= Problem description =
Down to the last line below, write out every line exactly, starting with the one that contains "Chirie: 300 €/lună" and leaving out the pictures.

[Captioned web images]
════════════════════

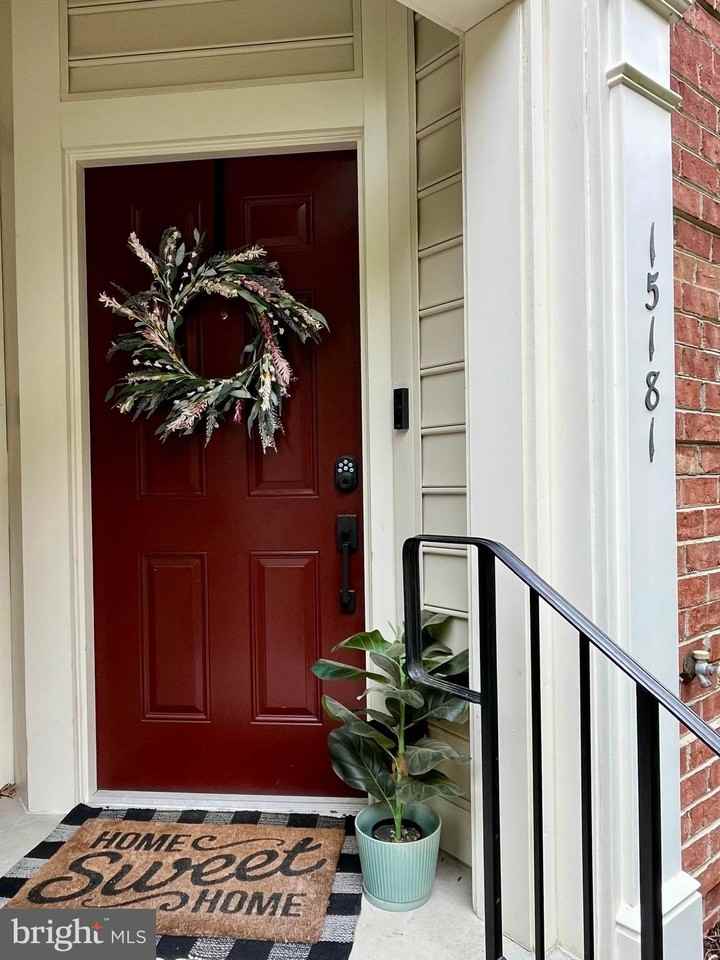 15181 Leicestershire St - Photo 2 of 25
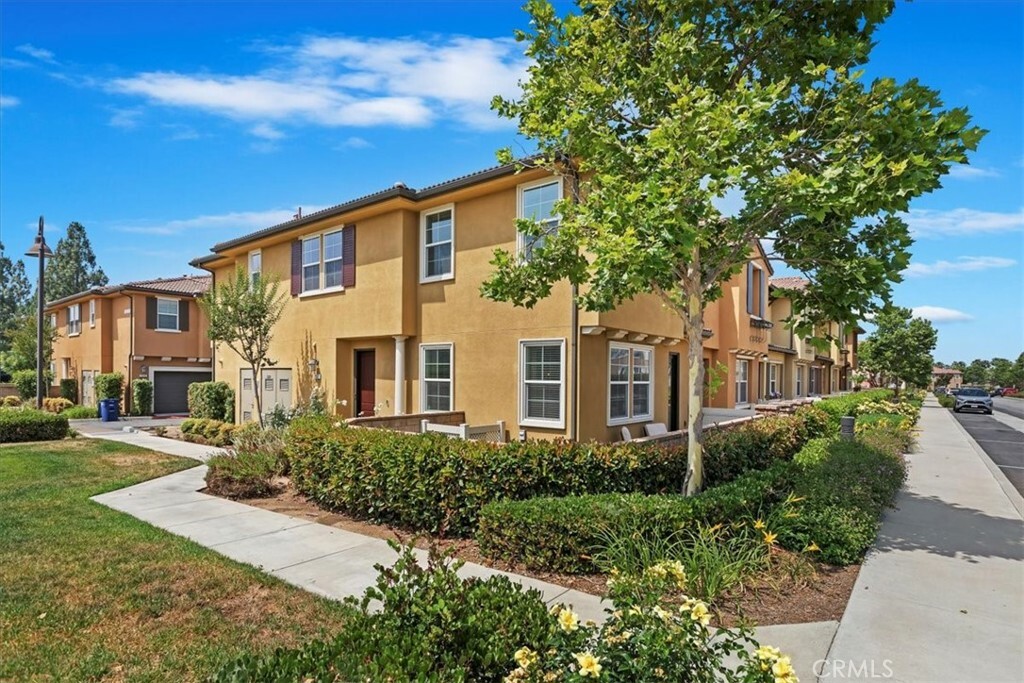 Property Photo: 2932 Via Fiano CA 91764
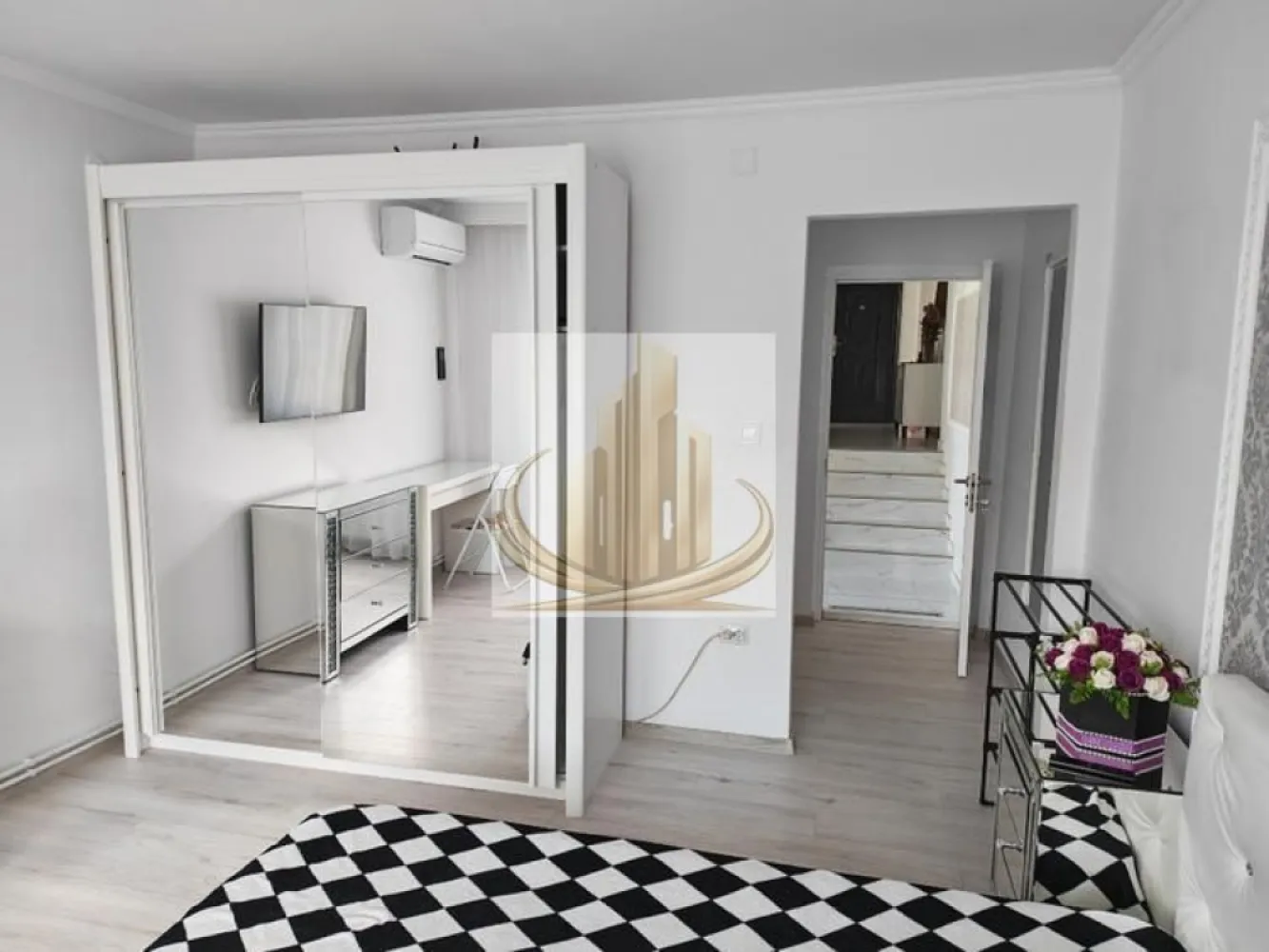 Apartament 1 Cameră DE ÎNCHIRIAT – Giroc, Str. Mureș - Apartament cu 1 cameră, modern și confortabil – Giroc, Str. Mureș
Grand Mobilis Imobiliare vă propune spre închiriere un apartament cochet cu 1 cameră, situat la etajul 1 al unei vile, cu intrare separată și acces din curte, în zona liniștită a Girocului – Str. Mureș.

Caracteristici:
Suprafață: ~35 mp

Compartimentare: hol, baie cu cabină de duș, dormitor, bucătărie complet utilată

Bucătărie echipată: mașină de spălat rufe, mașină de uscat rufe, cuptor cu microunde, frigider și airfryer

Dotări suplimentare: aer condiționat, internet de mare viteză, televiziune DIGI

Încălzire: centrală termică pe gaz

Avantaje:
Intrare separată pentru intimitate maximă

Ideal pentru o persoană sau un cuplu

Zonă liniștită, aproape de facilități și transport

Costuri:
Chirie: 300 €/lună

Cheltuieli întreținere: 50 €/lună (curent, apă, încălzire, TV și internet)

📞 Contact Grand Mobilis Imobiliare pentru vizionare și detalii:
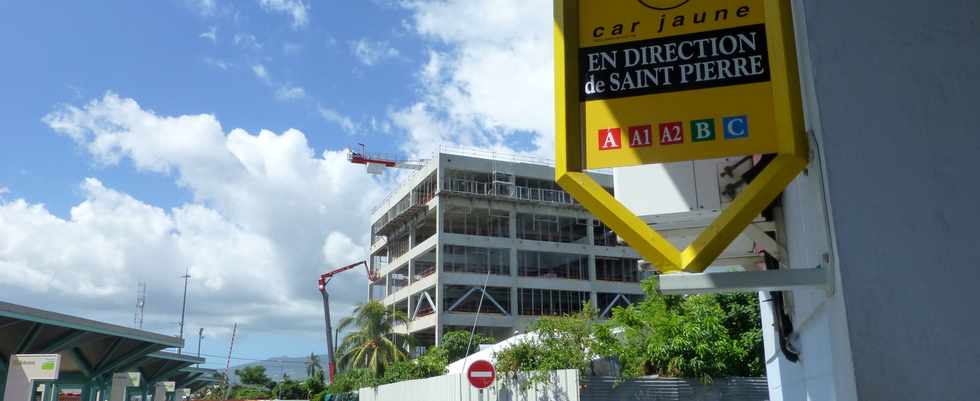 4 avril 2014 - St-Paul - Gare Car jaune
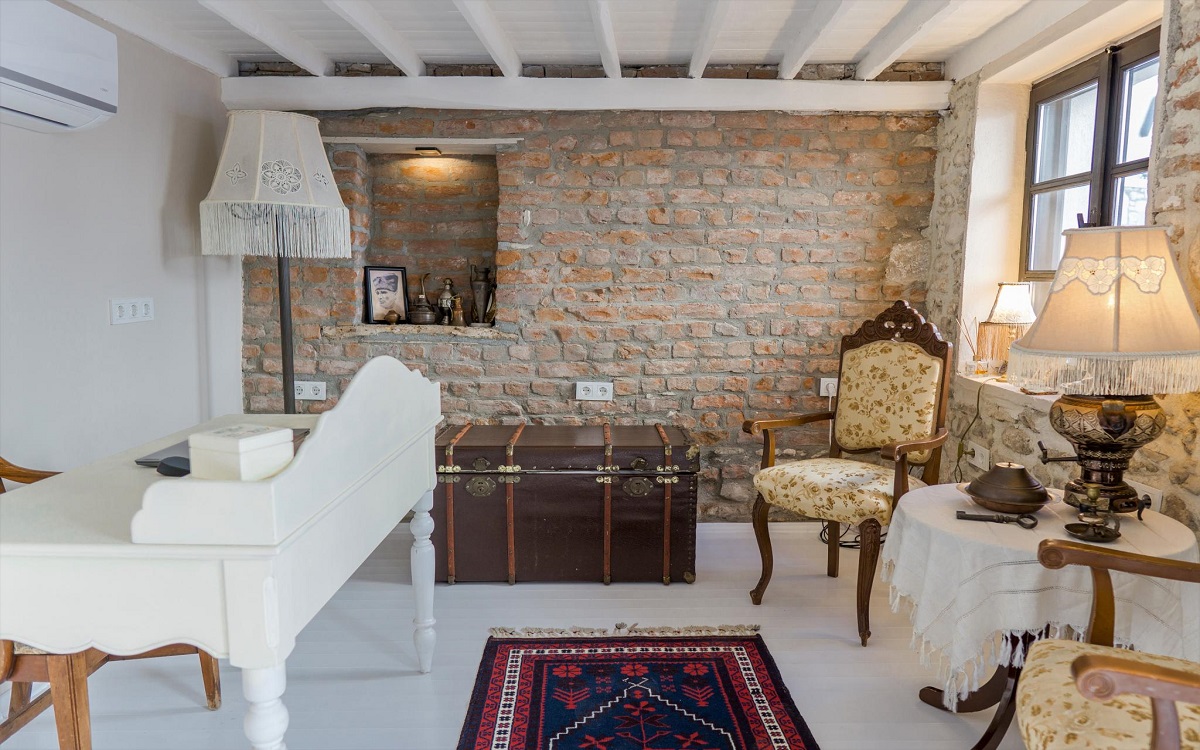 1870's Taş Konak Otel - Sanat Sokağı 2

════════════════════

= Output of the exercise =
Chirie: 300 €/lună

Cheltuieli întreținere: 50 €/lună (curent, apă, încălzire, TV și internet)

📞 Contact Grand Mobilis Imobiliare pentru vizionare și detalii:
 4 avril 2014 - St-Paul - Gare Car jaune
 1870's Taş Konak Otel - Sanat Sokağı 2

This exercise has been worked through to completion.